The highlight of my week was possibly a video (click here) of Ben Murray-Bruce which I first came across on Facebook. For those of you who are not familiar with him, Murray-Bruce is a Nigerian businessman, Chairman of the Silverbird group and as I have just recently learnt – a Senator-elect.

The speech was made at the Silverbird Man of the Year event in the year, 2014 and Bruce was speaking on the state of the economy and on how some who lead Nigeria are driven by their own gain and ignore the sufferings of many. It was a very audacious speech and it was brave of Murray-Bruce to speak his truths on corruption and the dubious ways of life of some Nigerian politicians – in front of politicians. It was a mixed crowd though, not only politicians were in attendance. Statements from that speech kept resounding in my mind for days and yes, I watched the video over and over again.

The key words that I got out of that speech were – conscience and compassion. Ben Murray-Bruce’s speech reminded me that many ills that are occurring in this world are the results of silencing the feelings of conscience and compassion. The speech reiterated the fact that when you act on conscience and compassion, you can make positive change. Our humanity begs that we feel, whether it be love or hurt. It begs that we have a conscience, that we do not deprive ourselves of human nature by suppressing one feeling for the other.

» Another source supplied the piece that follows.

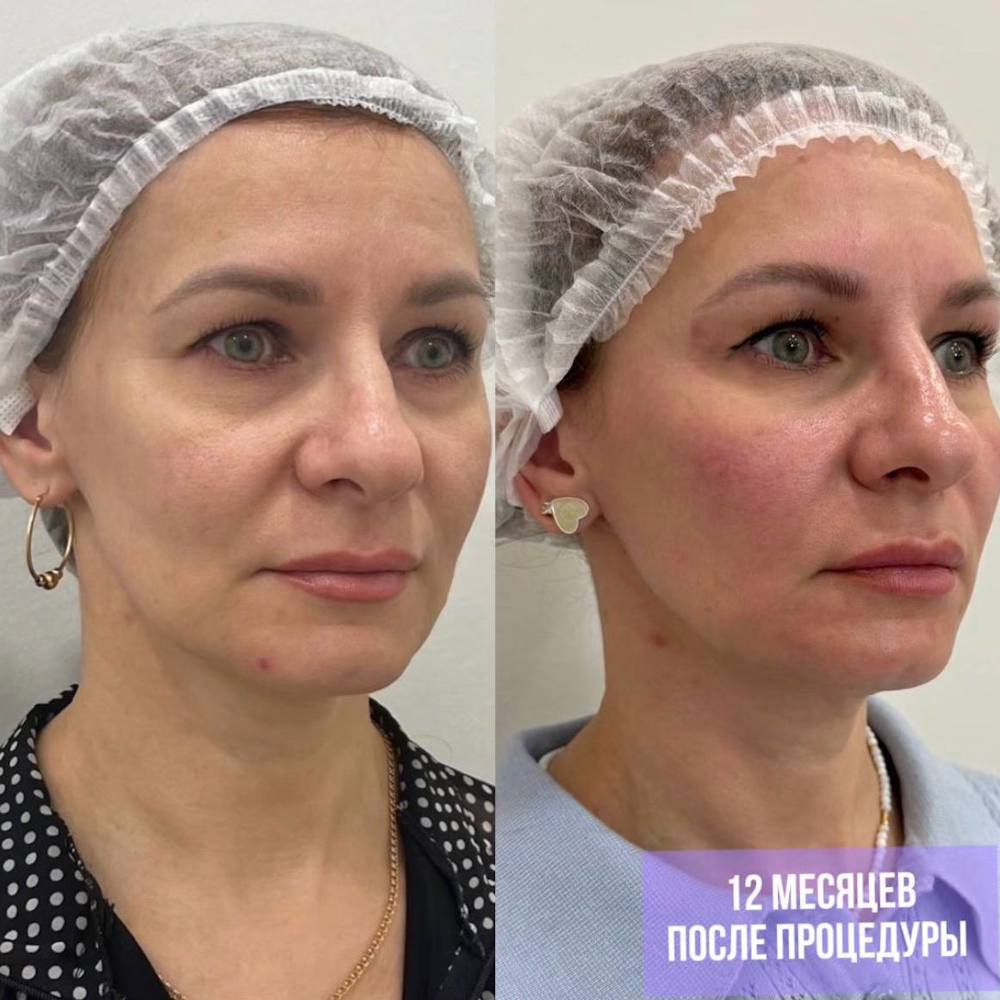 Лазерный лифтинг Endolift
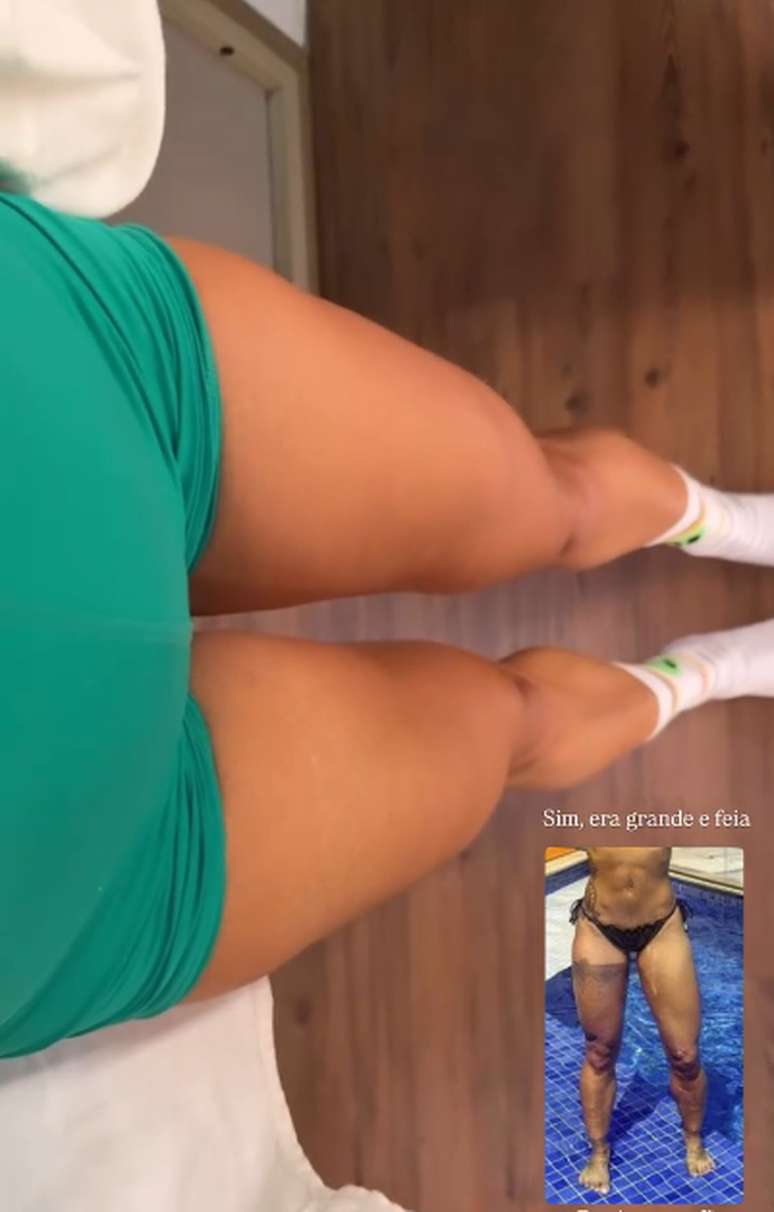 Aline Campos &mdash;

It is not enough to be so positive about life that you fail to acknowledge your pain or even other’s pain, to turn off the news once it’s no longer making you laugh. It’s okay to turn off the news if the bad news is too much for a day but it’s not okay to not dare to care and empathize with others. On the other hand, life should not be lived as though it were a nightmare. Don’t deliberate on sorrow, hurt or a constant expectation of the worst. If we surround ourselves with hurt, how then can we love, how then can we make a change? Faith moves mountains.

It is compassion and a conscience that move people to donate to victims of a natural disaster, to speak up for victims of racial injustice, to lend aid to the poor, to give food and offer love to the homeless. It is in an attempt to silence the throbbing of compassion and conscience that people deny others of happiness, peace, fairness, wealth and justice

I choose to feel. I choose compassion and I choose to listen to my conscience.